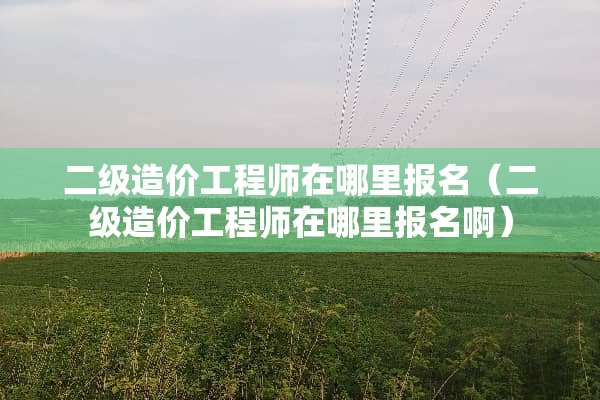 二级造价工程师在哪里报名（二级造价工程师在哪里报名啊）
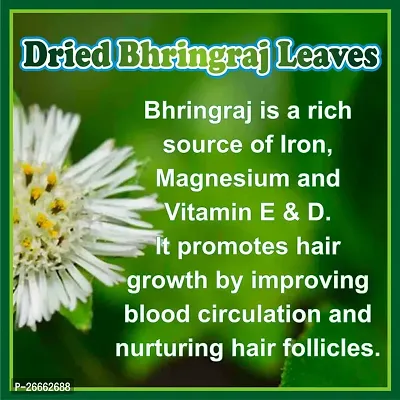 J Organics Bhringraj Dry Leaves Raw Bringraj Leaf Bhrangraj Bhangra Bhringraj For Hair Regrowth Scalp Treatment Dry Frizzy Curly Straight Wavy Hair Type (50 Grams)-thumb5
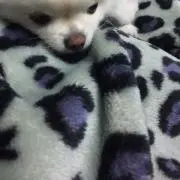 chooco•*¨*•.¸♬︎の画像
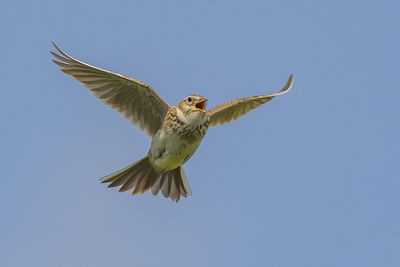 Low angle view of eagle flying in sky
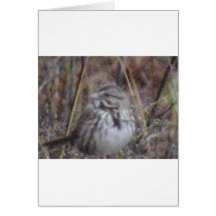 Wrenn South Carolina State Bird Greeting Card
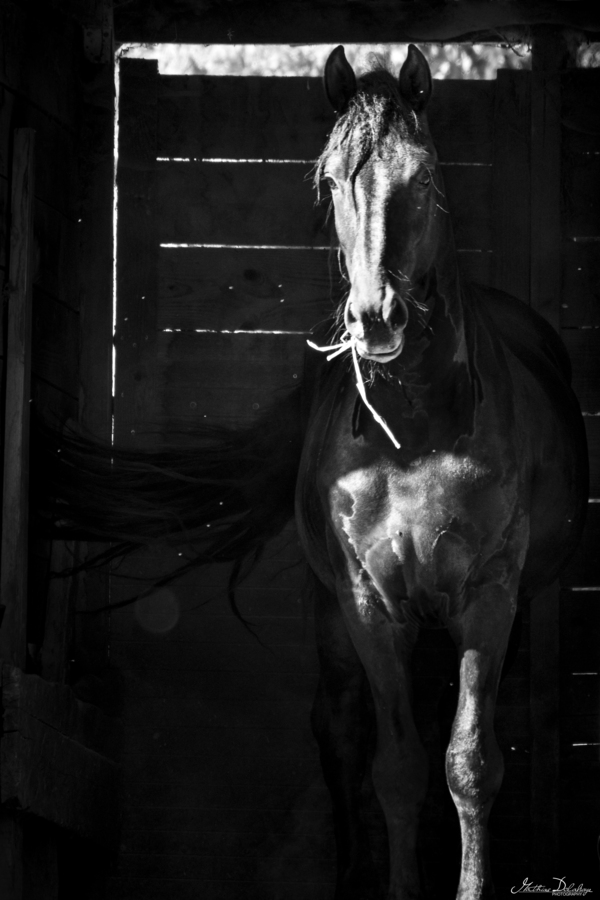 Dramatic Black-and-White Vertical Portrait of a Horse in Motion in Its Barn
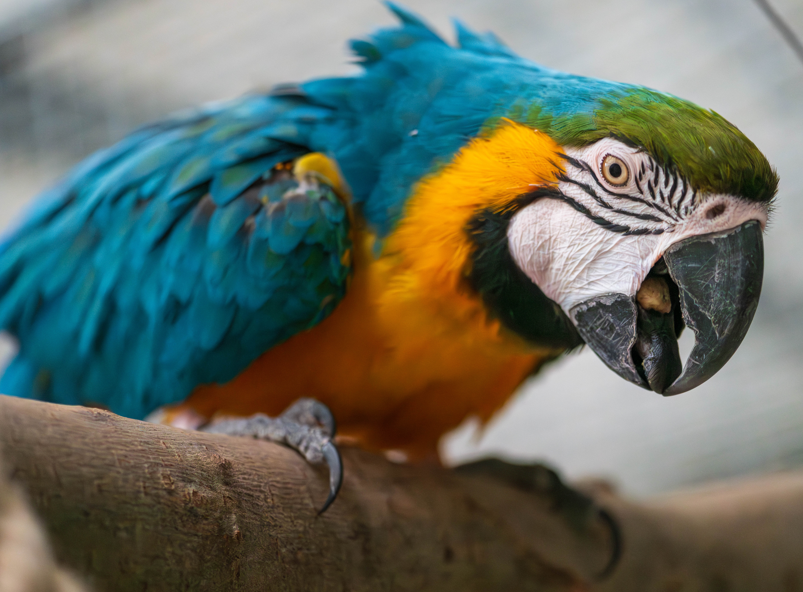 Hormonaal gedrag begrijpen & begeersen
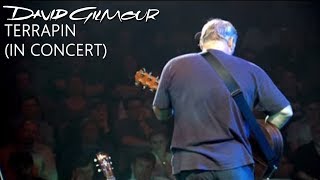 Watch David Gilmour Terrapin video
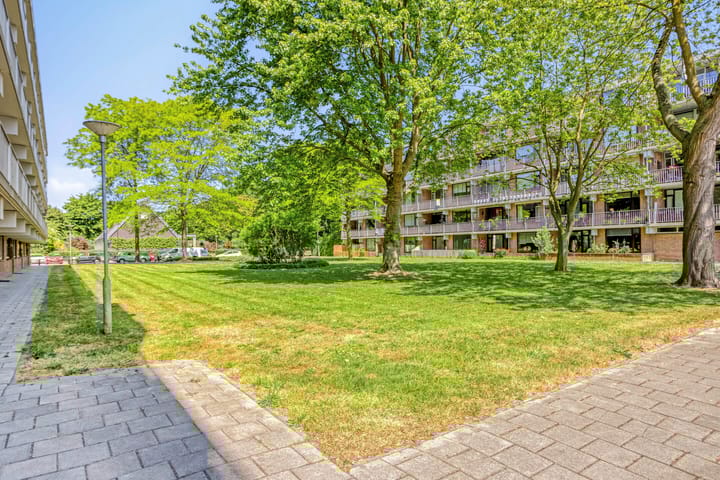 Foto 3 van Witte de Withstraat 71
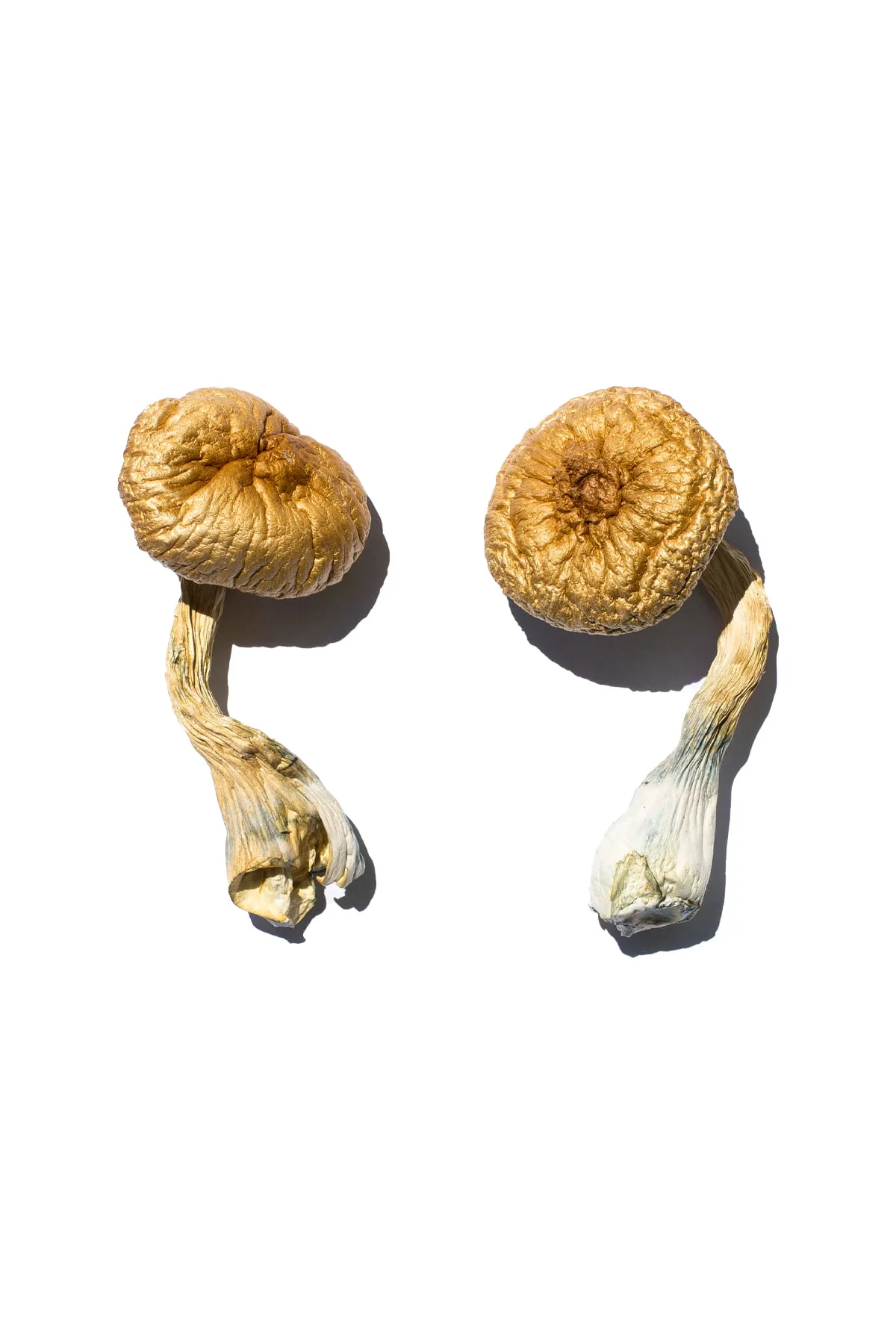Cambodian Gold Magic Mushrooms – golden-cap psilocybe strain grown for energetic clarity and focus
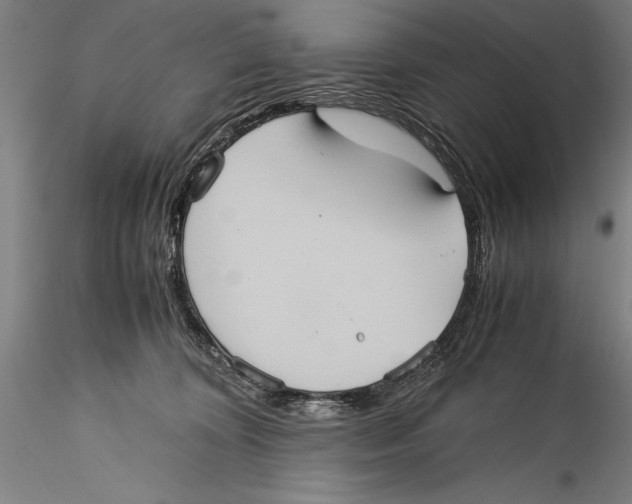 X0000115310324200911301541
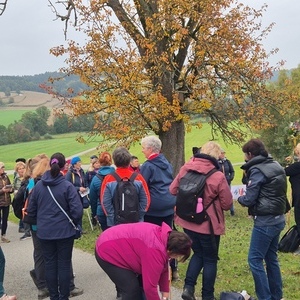 unterwegs auf dem Landschaftsrahmenweg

▶ [Your goal] Print the material exactly as given, but not the pictures.

▶ [Response below]
 二级造价工程师在哪里报名（二级造价工程师在哪里报名啊）
 J Organics Bhringraj Dry Leaves Raw Bringraj Leaf Bhrangraj Bhangra Bhringraj For Hair Regrowth Scalp Treatment Dry Frizzy Curly Straight Wavy Hair Type (50 Grams)-thumb5
 chooco•*¨*•.¸♬︎の画像
 Low angle view of eagle flying in sky
 Wrenn South Carolina State Bird Greeting Card
 Dramatic Black-and-White Vertical Portrait of a Horse in Motion in Its Barn
 Hormonaal gedrag begrijpen & begeersen
 Watch David Gilmour Terrapin video
 Foto 3 van Witte de Withstraat 71
Cambodian Gold Magic Mushrooms – golden-cap psilocybe strain grown for energetic clarity and focus
 X0000115310324200911301541
 unterwegs auf dem Landschaftsrahmenweg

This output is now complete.